YOUR ASSIGNMENT
Give the data below again exactly, and drop each picture from it.

▼▼▼

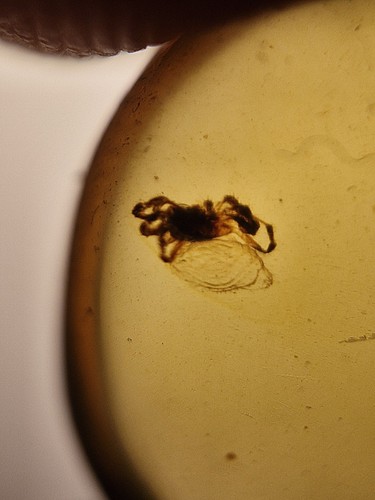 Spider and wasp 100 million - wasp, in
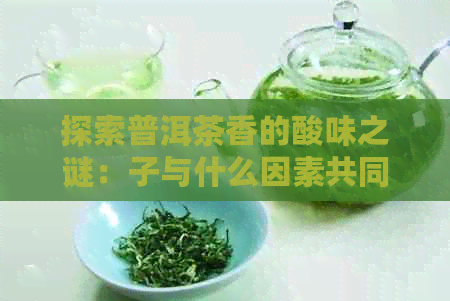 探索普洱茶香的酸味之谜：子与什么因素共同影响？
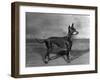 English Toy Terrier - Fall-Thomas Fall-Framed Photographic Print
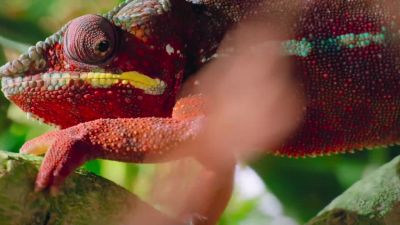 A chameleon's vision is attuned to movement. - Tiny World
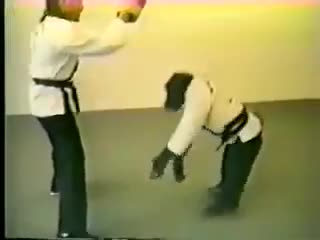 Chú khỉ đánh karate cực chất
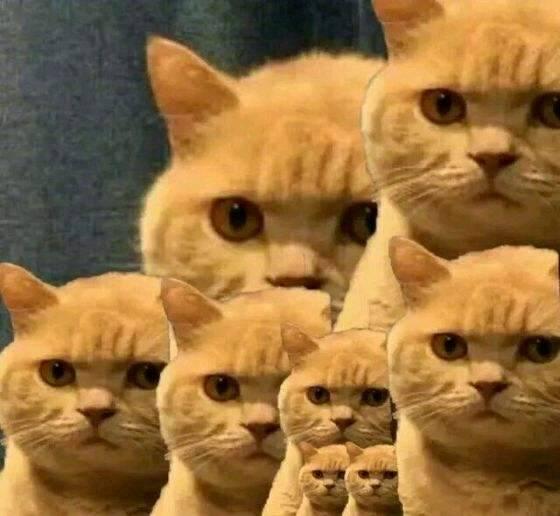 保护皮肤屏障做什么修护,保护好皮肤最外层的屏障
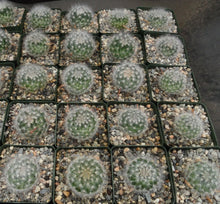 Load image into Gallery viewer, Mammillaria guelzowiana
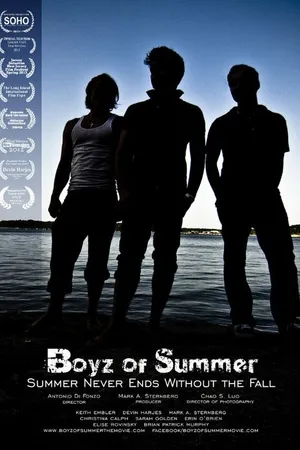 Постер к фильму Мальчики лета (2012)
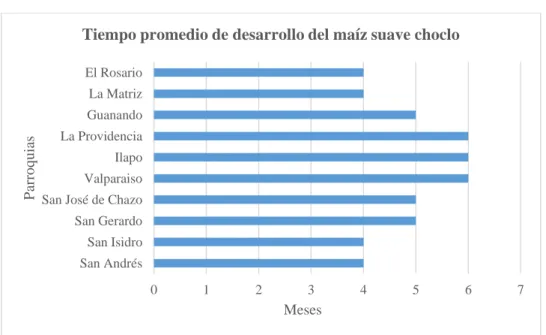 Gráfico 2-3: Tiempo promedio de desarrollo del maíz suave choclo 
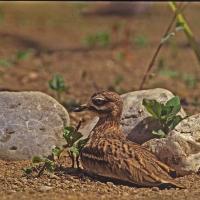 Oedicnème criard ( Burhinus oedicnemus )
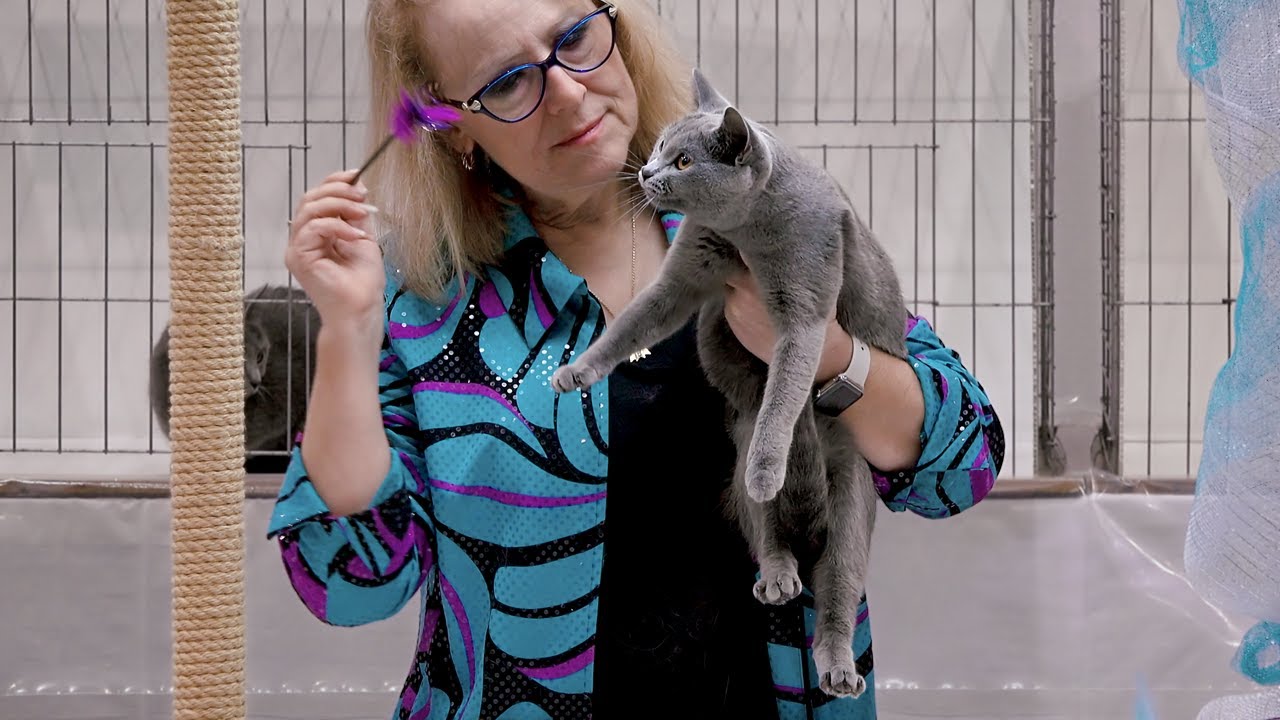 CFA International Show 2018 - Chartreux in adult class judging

▲▲▲

OUTPUT
 Spider and wasp 100 million - wasp, in
 探索普洱茶香的酸味之谜：子与什么因素共同影响？
 English Toy Terrier - Fall-Thomas Fall-Framed Photographic Print
 A chameleon's vision is attuned to movement. - Tiny World
 Chú khỉ đánh karate cực chất
 保护皮肤屏障做什么修护,保护好皮肤最外层的屏障
 Load image into Gallery viewer, Mammillaria guelzowiana
 Постер к фильму Мальчики лета (2012)
 Gráfico 2-3: Tiempo promedio de desarrollo del maíz suave choclo 
 Oedicnème criard ( Burhinus oedicnemus )
 CFA International Show 2018 - Chartreux in adult class judging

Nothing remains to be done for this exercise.